Três anos depois, a chegada de Daiello à sede da J&F, em São Paulo, não despertou apreensão ou corre-corre. O ex-diretor da Federal entrou no prédio de fachada de vidro na Marginal do Tietê, na zona oeste, por volta das 14 horas. Em vez de agentes, estava acompanhado de seus novos colegas: advogados. Aposentado da polícia, Daiello agora é advogado e trabalha com compliance e análise de risco para o escritório Walfrido Warde advogados. Estava ali para dar uma palestra.
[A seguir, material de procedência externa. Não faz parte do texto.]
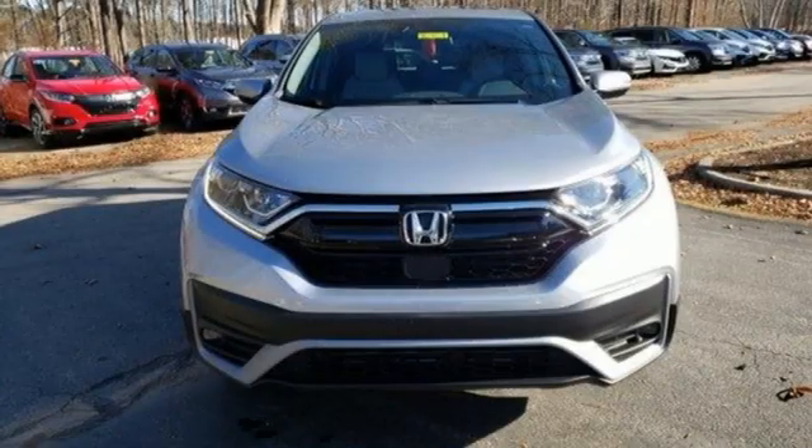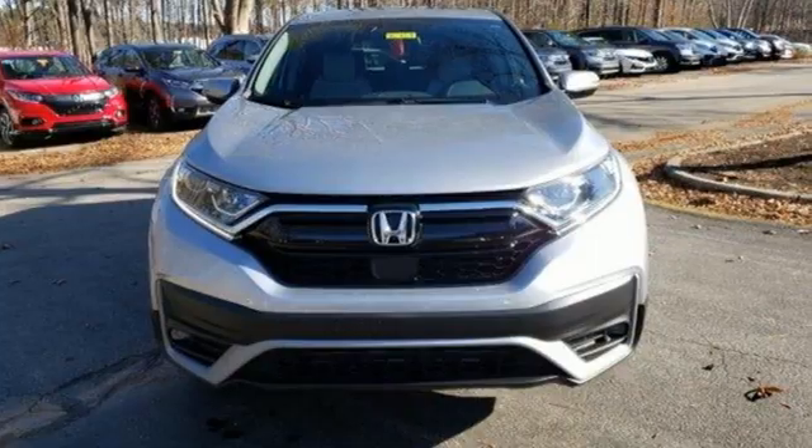Honda has a world-renowned reputation for reliability. See it for yourself when you take it for a test drive.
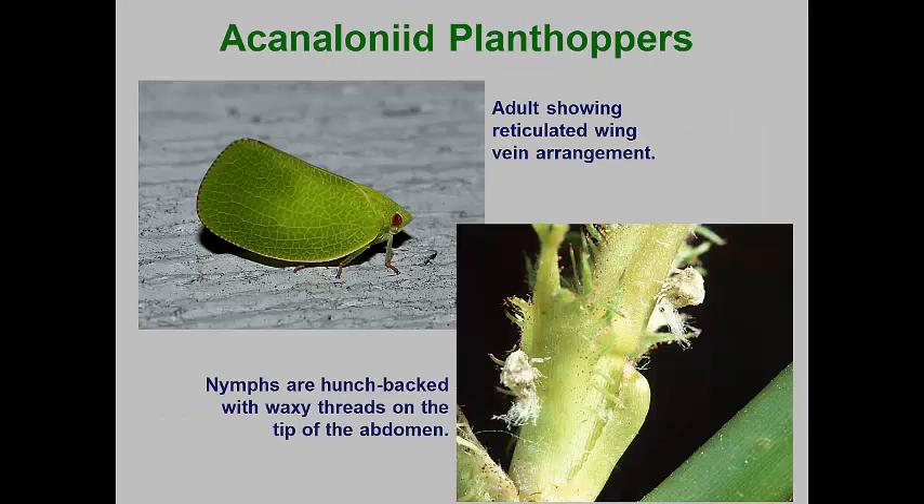Acanaloniid planthoppers have very similar behavior to the flatid species. However, the nymphs of the acanaloniid leafhoppers are often hunchbacked, and they also secrete patches of waxy threads from the tip of their abdomens. The adults can look very much like the flatid planthoppers, but if you look at the wing venation of the adult, acanaloniid planthoppers have an irregular reticulation of the veins, while flatid leafhoppers have veins more regular and parallel.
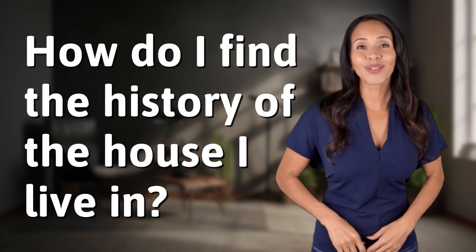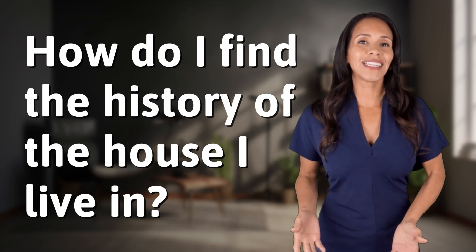Unlocking answers to your most sought-after questions. What's in the Knowledge Vault today?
Além dele, diretores de compliance de empresas como Oi e Odebrecht, professores, executivos de organizações da sociedade civil e de empresas de tecnologia que atuam na área participaram do evento para discutir o combate à corrupção. “O compliance é uma das barreiras que cabem ao privado fazer contra a corrupção. Esse é um processo que está amadurecendo”, disse Daiello.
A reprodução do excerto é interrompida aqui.